What to do -
Output the data word for word, dropping every image.

Dataset section -
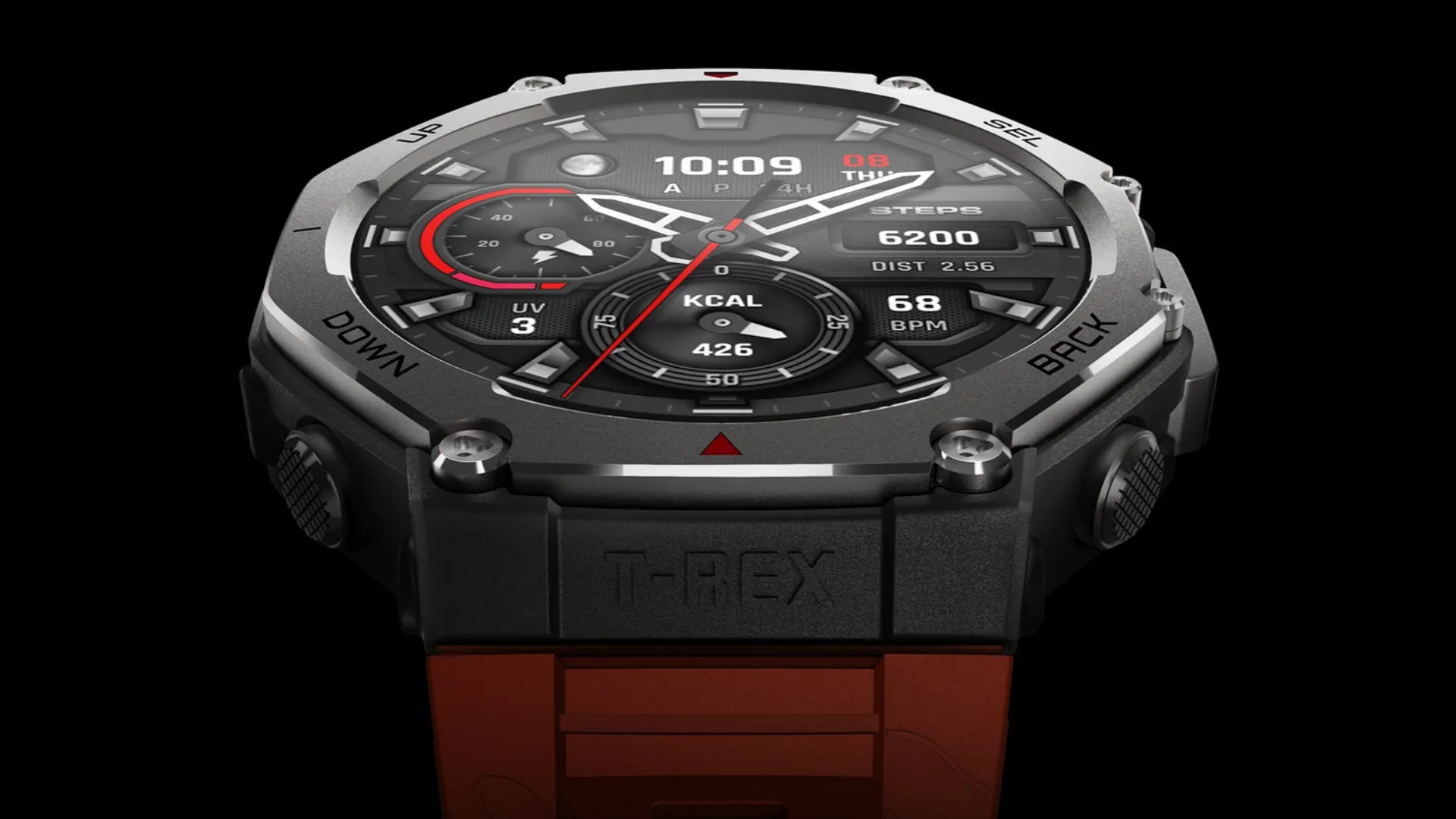 Смарт-годинник Amazfit T-Rex 3 (Lava)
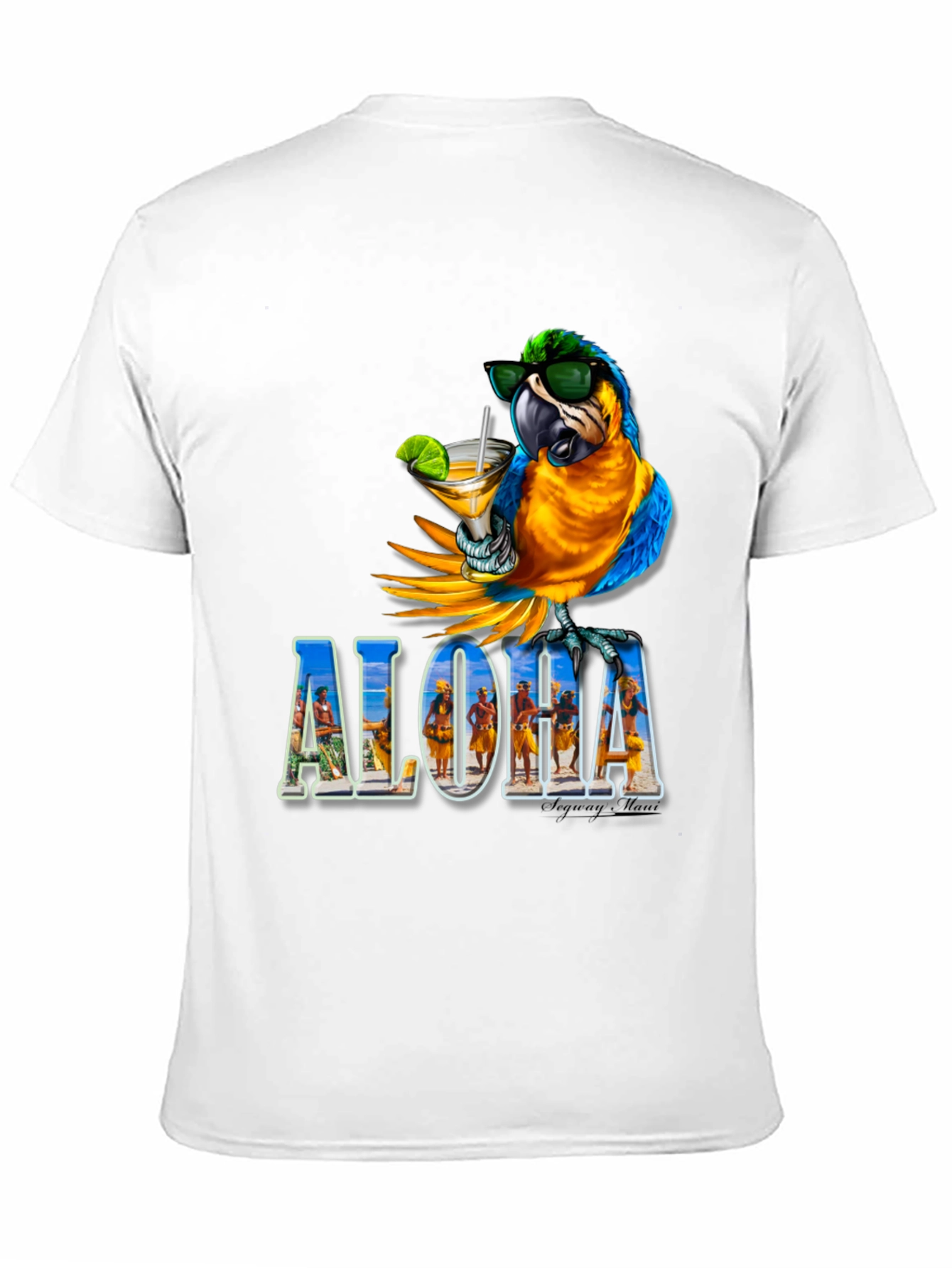 Aloha Parrot Tee - Tropical Vibes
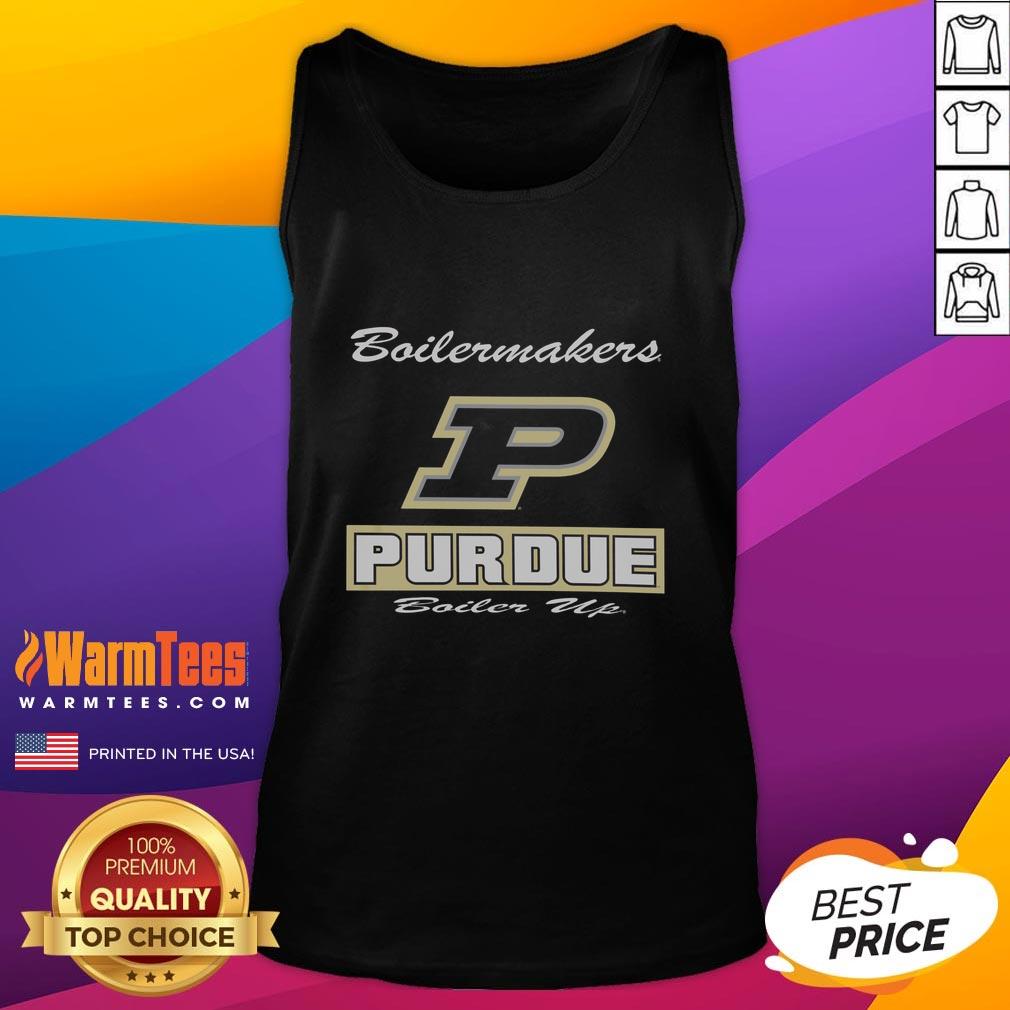 Good Purdue Boilermakers Waver Tank Top Good Purdue Boilermakers Waver Tank Top featuring school colors and logo, perfect for fans and game day wear.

Answer to this problem -
 Смарт-годинник Amazfit T-Rex 3 (Lava)
 Aloha Parrot Tee - Tropical Vibes
 Good Purdue Boilermakers Waver Tank Top Good Purdue Boilermakers Waver Tank Top featuring school colors and logo, perfect for fans and game day wear.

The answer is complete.